Residents of the Chirilagua/Arlandria neighborhood been besieged over the last year.
As a largely Latino community disproportionately impacted by job loss during the pandemic, local residents have pushed back against rent payments. But even as Alexandria starts to pull out of the pandemic with an eye toward job recovery, the city is working through efforts to build a plan to save Chirilagua — less than a mile from Potomac Yard and Crystal City — from the gentrifying effects of Amazon.
“Many Arlandria residents have been candid in expressing fears about displacement and gentrification, anxiety over losing their community and the culture of their neighborhood over time,” said City housing planner Tamara Jovovic in a public forum earlier this week. “Addressing this will require an all-hands-on-deck approach.”

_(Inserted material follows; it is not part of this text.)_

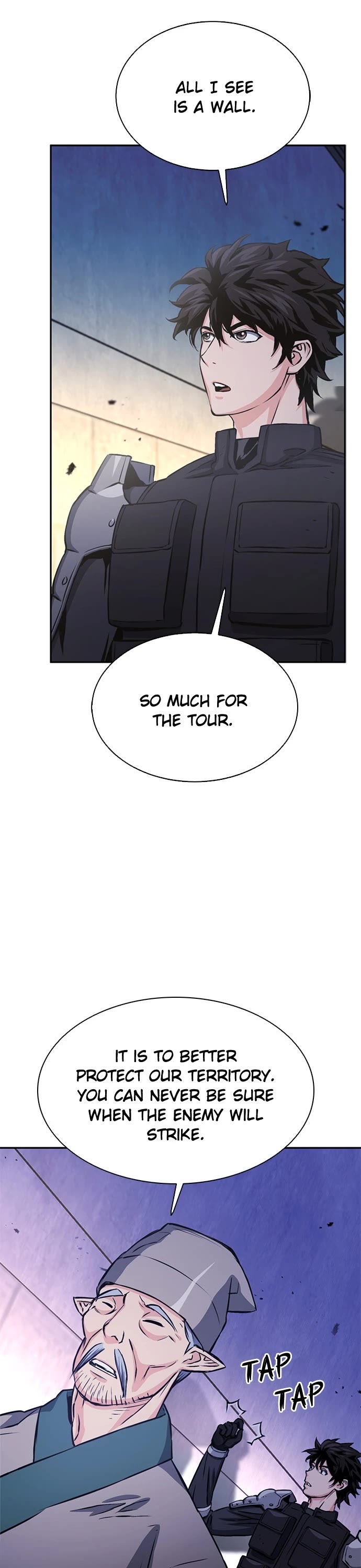Seoul Station Druid Chapter 111 page 51 - Chapter 111: Episode 111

Jovovic said Chirilagua already faces a misalignment in housing needs and rent availability, with local families spending too much on rent and utilities. She said the city’s goal is to create housing affordable to individuals and families at roughly 40% of area median income (AMI). For individuals or small households, that ranges from $36,000 to $60,000 per year.

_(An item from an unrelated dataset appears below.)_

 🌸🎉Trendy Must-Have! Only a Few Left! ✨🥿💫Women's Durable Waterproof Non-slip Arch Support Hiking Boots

The city has started working on facilitating public-private partnerships to push for affordable housing development in the area, with Jovovic saying the city is looking at how to turn city-owned areas like a parking lot on Mount Vernon avenue into use for affordable housing.
“The deeper the level of affordability of units, the greater number of tools needed,” Jovovic said.
One of the questions raised by residents in the forum was whether the city would expand height and density restrictions. City staff said the plan is not to increase those restrictions, and that developers wanting expanded height or density will consequently be required to offer a maximum number of affordable housing units.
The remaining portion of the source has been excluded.